Socialism From NY Mayor, Bronx public housing Receive More Free Stuff

Bronx public housing

Socialism From NY Mayor, Bronx public housing Receive More Free Stuff

Mott Haven, NY –  Free tablets and Internet access will soon be available to thousands of families in Bronx public housing.

According to news sources, credit is due to Bill deBlasio, New York City mayor, and the federal Urban Development Secretary Julian Castro.  Mayor deBlasio said that it is “very difficult for New Yorkers to have equal opportunities in life if they did not first have equal access to the internet”.  He also said that the question of having access to the Internet cuts along economic lines and that if you have money, you have access to the Internet.   5,000 Bronx public housing families are supposed to receive the free tablets and Internet access.

The company T-Mobile has provided the tablets and the New York City’s Department of Information Technology and Telecommunications has paid for two years of data.  The tablets, worth about $159 each, and discounted Internet access are worth approximately a total of  $2 million.

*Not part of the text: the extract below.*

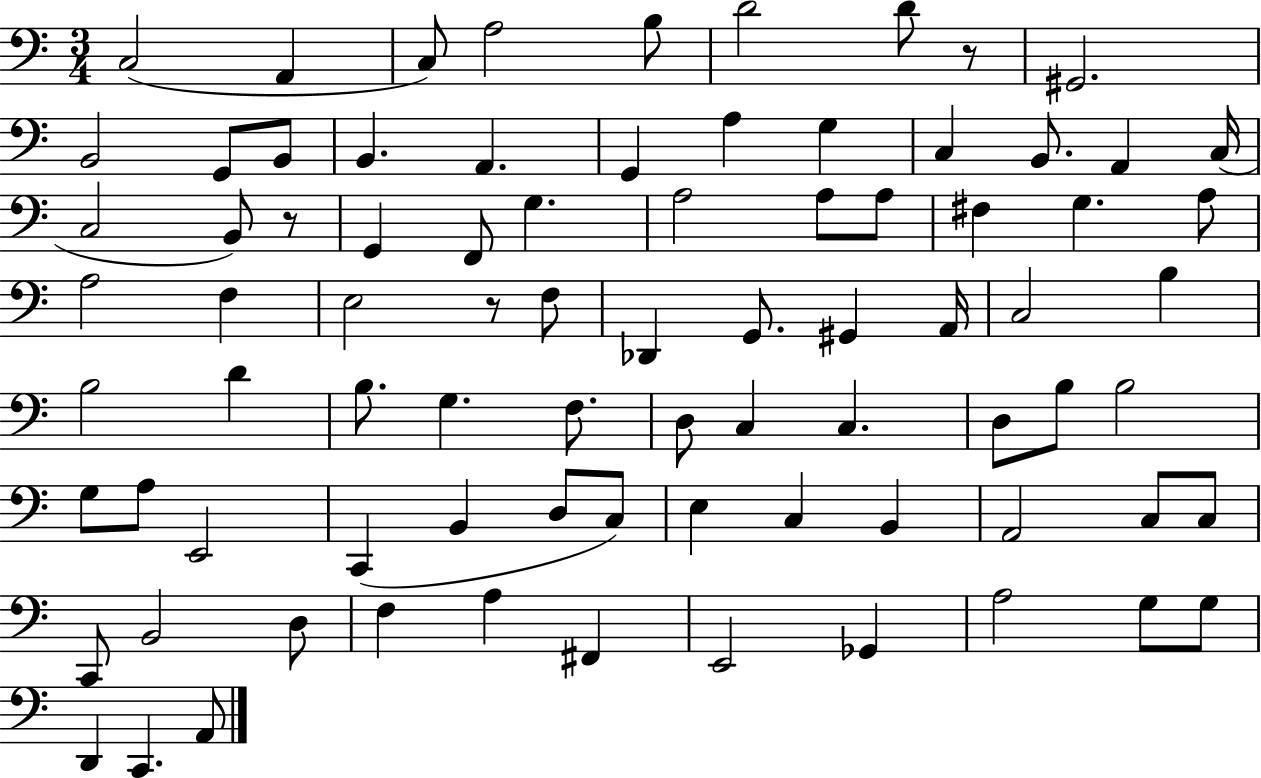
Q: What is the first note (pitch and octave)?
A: C3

Both are being provided by T-Mobile and its high-speed data network.  The ultimate objective is achievement of New York City’s goal of having affordable Internet access to every New York resident by 2025.

The New York City Housing Authority (NYCHA) said that they will begin distribution of tablets in January, 2017, to Bronx public housing families who qualify and who have children under 19-years-old.  The tablets will be pre-loaded with applications that are also intended to help users connect to city services.  The apps include the 311 app, which includes all government information and non-emergency services, as well as the New York Public Library’s SimplyE app, which allows users who have library cards access to all 300,000 of the library’s e-books.  T-Mobile also said that it will provide training as needed to the Bronx public housing families who receive the items.

The New York Public Library has also announced that it will expand digital literacy and mobile tablet training programs at nearby branches in the Bronx, which will help New Yorkers learn about computer and internet basics, social media, protecting online information and privacy, career development, coding, and more.

Statistics show that almost 26 percent of all homes in the Bronx do not have Internet at home or via a cell phone, which is higher than the citywide rate of 19.8 percent.  According to Secretary Castro, the program is part of President Obama’s ConnectHome initiative.  He also said that it was an example of how HUD is intended to be used as an opportunity.

According to news sources, the ConnectHome Initiative was launched by President Obama in 2015, as a national pilot program bringing “Internet service providers, non-profits, and the public and private sectors together to offer high-speed internet access, technical training, digital literacy programs, and devices for residents in HUD-assisted housing.”  New York City is one of 28 communities throughout the nation that are participating in the ConnectHome pilot program.  The other cities include Philadelphia, Phoenix, Little Rock, Miami, Nashville, Seattle, Kansas City, Los Angeles, San Francisco, and Washington, DC.  Other providers have signed up to assist with giving free tablets and Internet access to those communities.

A 2015 analysis by the Center for Economic Opportunity showed that 20 percent of New York City households do not have in-home Internet service and 35 percent of households below the poverty line do not have access to any type of Internet access within their homes.  As part of Mayor deBlasio’s initiative, $70 million for broadband infrastructure investments has been designated for the next 10 years.

We commend the nobility of these gestures and are all for the best interest of children everywhere.  Yet we wonder about all of the providers’ continued financial involvement and what’s in it for them.  And while we’re not trying to be the Grinch, almost every library, school and college has Internet-accessible equipment and Internet access.  The Library app sounds great but why is the city-based app necessary?  Unless adults are using the tablets, of course. Is there a follow-up option for this program, to determine if it’s successful?  Or will the tablets end up on the street, traded for drugs, guns or something else?   Who’s monitoring the usage of the tablets, to see if they’re actually being used as designated, or for gaming or other purposes? What happens after the two years of free access?  Is this another social program that taxpayers will have to continue to pay?  Where is the incentive to work for something instead of having it given to you?  Also, why is this program designated for those in Bronx public housing?  What about the rural areas of the country, where many live below the poverty level, and don’t have connected politicians levying on their behalf.  Lastly, $2 million would go a long way towards helping students who need tutoring, special programs in schools,and the basic necessities in life, as well as providing food for the hungry, shelter for the homeless, and other issues.  Just some food for thought.